## Task objective
Reproduce the entries shown below only from the line with "27381 Echo Canyon" down to the line with "Foto ab72f833-b293-4c13-b9ee-dd6464ae8cf2. Piso", keeping both end lines and copying each one exactly.

[Start of Attachment]

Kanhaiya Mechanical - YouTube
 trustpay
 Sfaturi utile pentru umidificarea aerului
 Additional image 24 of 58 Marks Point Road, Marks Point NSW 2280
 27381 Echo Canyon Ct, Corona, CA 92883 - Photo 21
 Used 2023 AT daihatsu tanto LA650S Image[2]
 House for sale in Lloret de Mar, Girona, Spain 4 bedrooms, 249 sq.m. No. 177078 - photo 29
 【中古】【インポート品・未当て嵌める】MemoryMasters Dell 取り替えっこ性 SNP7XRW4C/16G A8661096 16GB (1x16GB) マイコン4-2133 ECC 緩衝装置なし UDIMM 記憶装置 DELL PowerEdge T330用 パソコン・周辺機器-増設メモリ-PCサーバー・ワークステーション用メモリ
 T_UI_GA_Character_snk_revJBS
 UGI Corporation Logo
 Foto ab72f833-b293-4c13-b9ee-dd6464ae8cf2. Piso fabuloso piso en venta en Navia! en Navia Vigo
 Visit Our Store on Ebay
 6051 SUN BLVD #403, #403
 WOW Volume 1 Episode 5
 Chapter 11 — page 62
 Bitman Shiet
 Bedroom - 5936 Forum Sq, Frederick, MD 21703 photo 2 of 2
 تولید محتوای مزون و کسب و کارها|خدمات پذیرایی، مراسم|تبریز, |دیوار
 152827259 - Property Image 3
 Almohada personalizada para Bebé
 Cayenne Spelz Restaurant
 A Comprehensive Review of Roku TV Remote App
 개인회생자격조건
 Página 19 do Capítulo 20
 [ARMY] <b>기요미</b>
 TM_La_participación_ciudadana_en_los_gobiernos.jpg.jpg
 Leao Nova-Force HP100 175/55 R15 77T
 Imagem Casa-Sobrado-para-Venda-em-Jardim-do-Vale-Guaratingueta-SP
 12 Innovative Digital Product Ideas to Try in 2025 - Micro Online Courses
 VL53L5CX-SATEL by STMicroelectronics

[End of Attachment]

## Problem solution
 27381 Echo Canyon Ct, Corona, CA 92883 - Photo 21
 Used 2023 AT daihatsu tanto LA650S Image[2]
 House for sale in Lloret de Mar, Girona, Spain 4 bedrooms, 249 sq.m. No. 177078 - photo 29
 【中古】【インポート品・未当て嵌める】MemoryMasters Dell 取り替えっこ性 SNP7XRW4C/16G A8661096 16GB (1x16GB) マイコン4-2133 ECC 緩衝装置なし UDIMM 記憶装置 DELL PowerEdge T330用 パソコン・周辺機器-増設メモリ-PCサーバー・ワークステーション用メモリ
 T_UI_GA_Character_snk_revJBS
 UGI Corporation Logo
 Foto ab72f833-b293-4c13-b9ee-dd6464ae8cf2. Piso fabuloso piso en venta en Navia! en Navia Vigo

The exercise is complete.